The International Copper Study Group (ICSG) expects copper mine capacity to grow at an average rate of 2.2% a year up to 2021.
The ICSG notes in its biannual ‘Directory of Copper Mines and Plants’ that the average is derived from the lower growth of about 0.5% seen in 2018/19 as compared to growth of 4% expected in 2020/21 when more projects and expansions come on stream.
Concentrates represent around 85% of the total growth in world mine copper capacity until 2021.
The ICSG anticipates 31% of world copper mine capacity growth to 2021 to come from ramp-up and expansions of existing operating mines, 56% from mines that are currently under development and 13% from projects that are currently under feasibility study.

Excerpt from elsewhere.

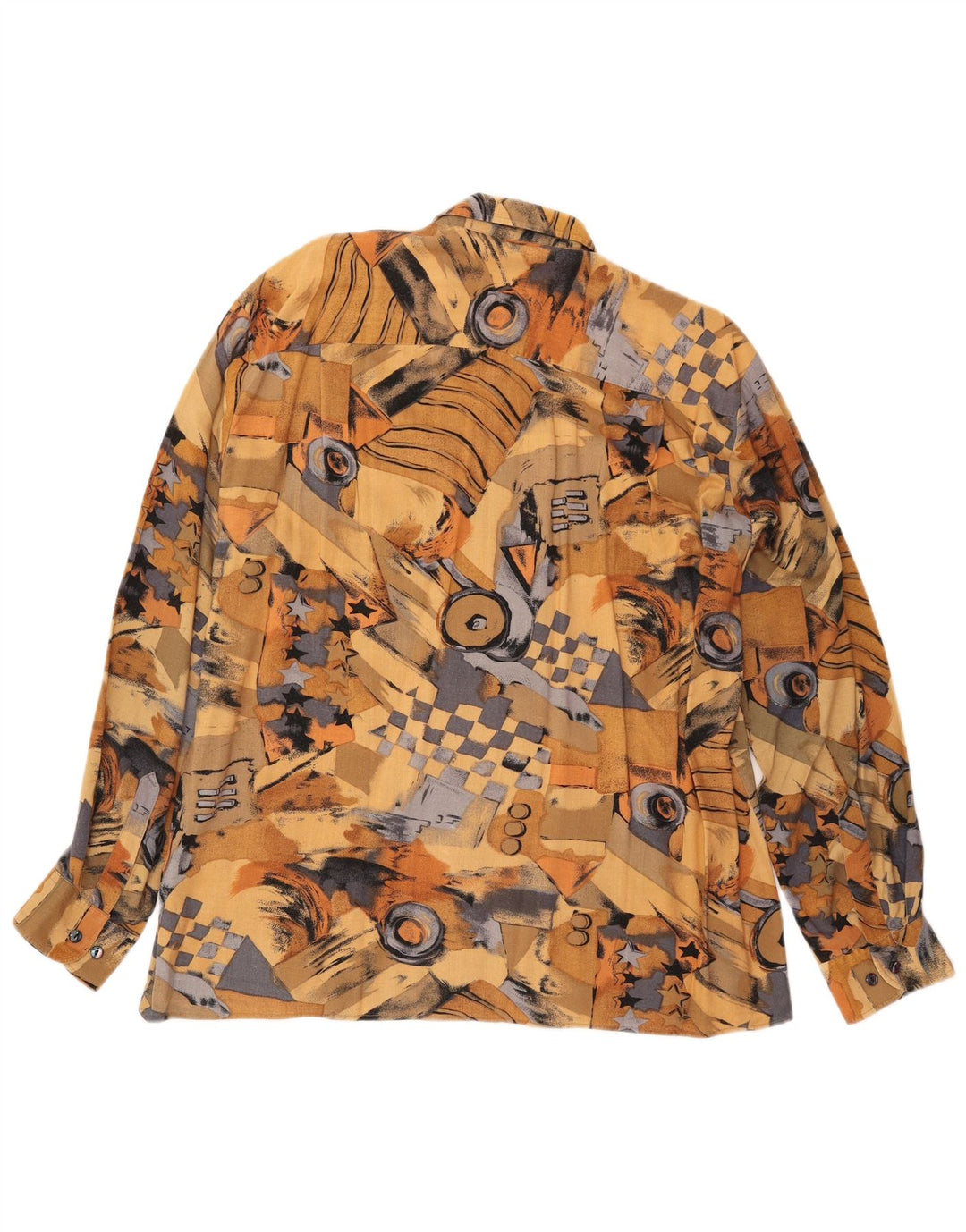 VINTAGE Mens Abstract Pattern Shirt Size 41/42 Large Brown Viscose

The organisation expects 90% of world copper capacity growth to occur in 2020 and 2021.
“Continued delays in project development are shifting new capacity forward, mainly as a result of [the] length in project permitting, opposition from local communities and budget constraints.”
The ICSG further says there is increased interest in seabed copper exploration with projects being evaluated, the first of which is expected to start producing copper before the end of the decade.

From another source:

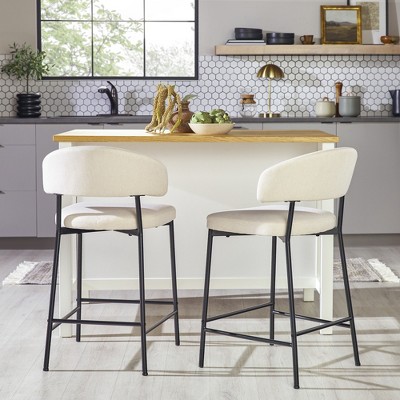 Ivory Upholstered Metal Frame Modern Counter Stools, Set of 2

The continued increase in copper capacity development is linked to Chinese overseas investments, mainly in Africa and South America.
Meanwhile, up to 2021, yearly copper smelter capacity is expected to grow at an average rate of around 3.5% a year.

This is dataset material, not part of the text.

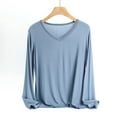 thumbnail image 1 of Timegard Womens Pajama Tops Short V Neck Long Sleeve Soft Loungewear Casual Loose Comfy Sleep Shirts Top, 1 of 6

China is continuing to expand its copper smelting capacity but at a slower pace than before. Chinese capacity more than quintupled between 2000 and 2017 and is expected to increase by a further 3% by 2021, accounting for 68% of expected world smelting capacity growth over the period from 2018 to 2021.
Outside of China and through 2021, new copper smelters are planned in Chile, the Democratic Republic of Congo (DRC), Indonesia and Mongolia, as are expansions in India, Iran and Poland.
In Chile, operating smelters have undergone modernisation in order to comply with the new emissions standards that became effective in December 2018.
The ICSG says yearly copper refinery capacity should grow at an average rate of around 3% a year up to 2021.
The agency reports that growth in electrolytic refinery capacity, generally tied to the growth of smelter capacity, is projected to average 3.2% a year.
Growth in electrowinning capacity is projected at 1.7% a year.
About 90% of the growth in global refined capacity through 2021 is expected to come from electrolytic refineries.
China (in the form of electrolytic capacity) will be, by far, the biggest contributor to global growth in refined capacity, followed by India and the DRC (in the form of electrowinning capacity).
Electrowinning capacity is expected to decline by 10% in Chile through 2021.